After months of accusations, tension-stricken meetings and legal threats, Mayor Rick Baker has decided to honor the city's contracts with union employees, reversing his decision to withhold $2.3 million in raises.
City Council members and mayoral candidates running for election and angling for endorsements from the city's unions had denounced the wage freezes in recent months, putting an unusual amount of pressure on an administration whose budget decisions often go unquestioned.
Union officials played a significant role in the political drama, meeting individually with council members and candidates in recent weeks to get their voices heard.
"We really worked the political side of it," said Will Newton, president of the city's firefighters union.
Baker's latest budget proposal calls for the city to use a projected spike in utility tax revenue to help grant the city's 2,085 union workers their promised 2.5 percent wage increases.
Baker also set aside $300,000 toward 2.5 percent salary bonuses for nonunion workers earning $50,000 or less.
Baker, however, did stick to one budget promise: He refused to dip into the city's $286 million reserve, built up over the past decade as property tax revenue climbed.

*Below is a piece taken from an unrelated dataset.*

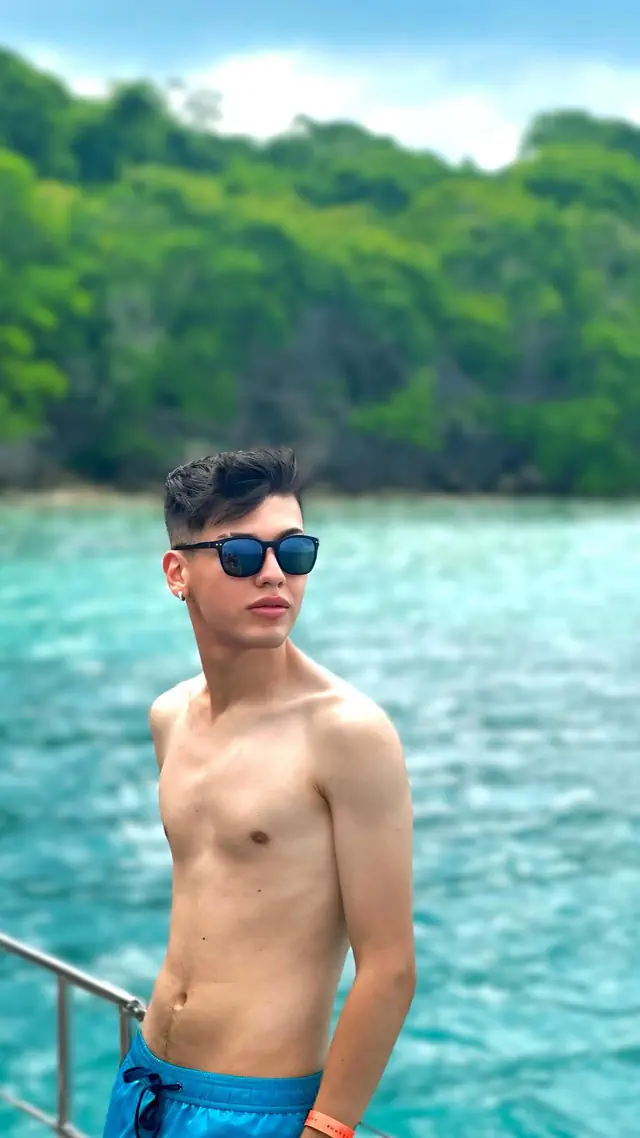 escort-media-5d25a4a8-008f-46d1-90b3-39c5fa0d85c0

Some council members and candidates suggested City Hall tap into the savings to cover a $12 million property tax loss.
Instead, Baker found additional dollars in his $207 million budget through several small cutbacks, including $70,000 earmarked for police overtime.
Council member Jim Kennedy, who recently introduced a City Council resolution requesting that Baker honor the union contracts and give pay raises to nonunion employees, said he was pleased with Baker's new budget.

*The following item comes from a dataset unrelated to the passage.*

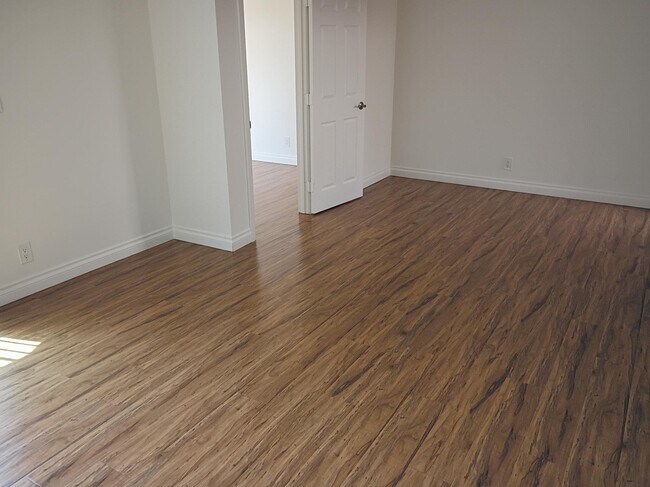 Building Photo - 4901 Heil Ave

"It's a little cut here, a little cut there, but it didn't necessarily have a lot more pain to it," said Kennedy, who is up for election in November.
Baker said the council's resolution prompted him to redraw his budget.

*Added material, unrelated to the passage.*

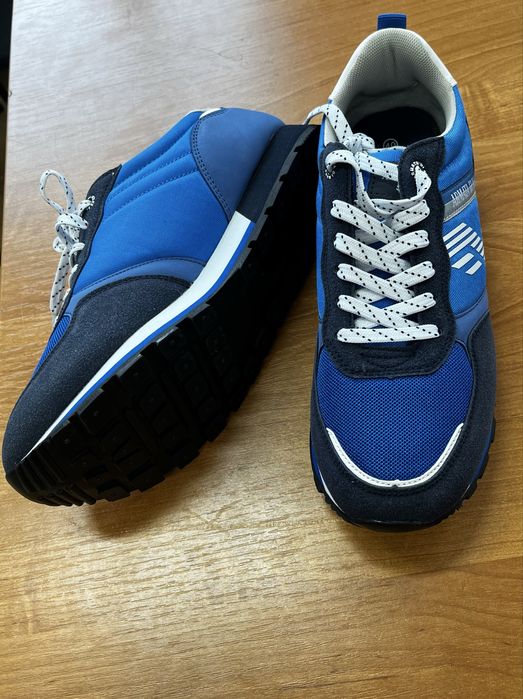 Продам новые кроссовки отличного качества. Размер 40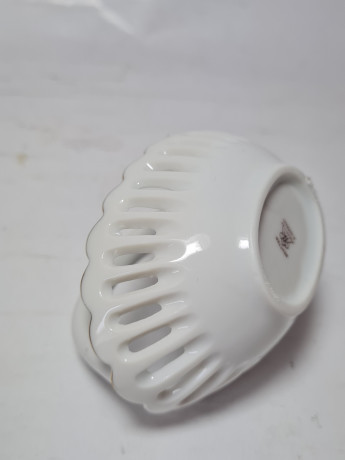 Reutter Белая фарфоровая корзинка с резным узором и сине-золотым цветочным орнаментом, 8,5 x 7 см, Германия, 1970-80гг.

Faced with an $18 million deficit, Baker initially proposed balancing the budget by trimming the payroll. He eliminated 148 positions, most vacant. Management, professional and supervisory employees earning more than $50,000 were given 2.5 percent pay cuts.
Baker also announced a citywide wage freeze, a proposal that was denounced by union officials who claimed the mayor was using the tough economy as an excuse to ignore financial obligations. Union officials threatened to sue for breach of contract.
Baker said he would rather eliminate more jobs than touch the reserves, which should be saved for years of greater economic woe or potential catastrophes like hurricanes.
"Frankly, it's the fiscally prudent thing to do," Baker said.
Union officials met with Baker and his staff six times in August, including a brief meeting Friday morning, to reach a compromise.
Ultimately, a recent notice from Progress Energy is what saved the day. The company advised City Hall it stood to earn an additional $3 million in annual utility taxes in 2010 because of the company's expected rate hike.
Florida regulators are still considering the request to increase rates starting in January.
Under the new budget proposal, Baker plans to use nearly $2 million in utility tax revenue to balance his budget. Roughly 450 nonunion employees also will receive one-time bonuses.
"What it shows is that if you are willing to sit down and offer solutions back and forth on both sides, that you will be able to find solutions," said Alphonso Mayfield, president of the Florida Service Employees International Union.